## To do
Could you filter the records below down to the lines that include the word "black"?

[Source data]

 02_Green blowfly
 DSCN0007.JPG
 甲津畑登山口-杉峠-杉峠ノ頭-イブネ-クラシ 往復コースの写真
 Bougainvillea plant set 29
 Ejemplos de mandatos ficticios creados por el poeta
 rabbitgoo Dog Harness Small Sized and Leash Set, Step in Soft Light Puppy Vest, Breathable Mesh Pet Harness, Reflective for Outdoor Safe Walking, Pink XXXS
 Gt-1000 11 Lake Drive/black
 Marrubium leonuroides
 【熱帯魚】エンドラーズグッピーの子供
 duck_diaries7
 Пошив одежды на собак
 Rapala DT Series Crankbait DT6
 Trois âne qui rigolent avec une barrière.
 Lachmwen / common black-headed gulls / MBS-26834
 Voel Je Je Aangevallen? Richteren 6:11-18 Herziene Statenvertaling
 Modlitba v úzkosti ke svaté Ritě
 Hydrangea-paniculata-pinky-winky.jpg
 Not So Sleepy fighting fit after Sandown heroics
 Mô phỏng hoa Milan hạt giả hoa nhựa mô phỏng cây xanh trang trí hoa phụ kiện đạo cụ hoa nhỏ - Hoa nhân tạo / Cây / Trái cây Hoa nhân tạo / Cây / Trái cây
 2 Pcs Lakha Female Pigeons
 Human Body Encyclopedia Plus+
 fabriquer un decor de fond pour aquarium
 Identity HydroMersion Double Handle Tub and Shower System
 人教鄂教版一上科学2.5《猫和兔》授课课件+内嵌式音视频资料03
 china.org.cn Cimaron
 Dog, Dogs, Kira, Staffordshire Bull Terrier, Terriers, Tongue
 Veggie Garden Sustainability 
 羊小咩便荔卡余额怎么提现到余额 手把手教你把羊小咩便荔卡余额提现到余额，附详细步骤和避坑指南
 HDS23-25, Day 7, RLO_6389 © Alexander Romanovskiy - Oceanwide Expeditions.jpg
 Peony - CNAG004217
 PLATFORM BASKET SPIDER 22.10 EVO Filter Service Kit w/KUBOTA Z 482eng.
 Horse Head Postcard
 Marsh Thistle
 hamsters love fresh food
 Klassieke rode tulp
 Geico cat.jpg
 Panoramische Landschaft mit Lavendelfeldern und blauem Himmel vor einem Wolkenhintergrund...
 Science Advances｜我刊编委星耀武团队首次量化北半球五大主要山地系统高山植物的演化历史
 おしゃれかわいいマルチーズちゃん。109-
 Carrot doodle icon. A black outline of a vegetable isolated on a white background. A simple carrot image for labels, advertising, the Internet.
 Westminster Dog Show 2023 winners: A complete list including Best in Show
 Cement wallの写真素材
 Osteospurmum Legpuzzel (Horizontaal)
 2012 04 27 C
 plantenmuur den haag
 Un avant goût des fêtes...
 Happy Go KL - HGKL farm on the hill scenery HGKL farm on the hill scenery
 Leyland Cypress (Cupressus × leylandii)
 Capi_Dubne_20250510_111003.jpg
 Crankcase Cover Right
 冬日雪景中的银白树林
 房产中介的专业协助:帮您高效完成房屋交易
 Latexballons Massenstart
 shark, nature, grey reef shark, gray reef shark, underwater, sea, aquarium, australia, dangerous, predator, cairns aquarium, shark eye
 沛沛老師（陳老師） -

## Written solution
 Gt-1000 11 Lake Drive/black
 Lachmwen / common black-headed gulls / MBS-26834
 Carrot doodle icon. A black outline of a vegetable isolated on a white background. A simple carrot image for labels, advertising, the Internet.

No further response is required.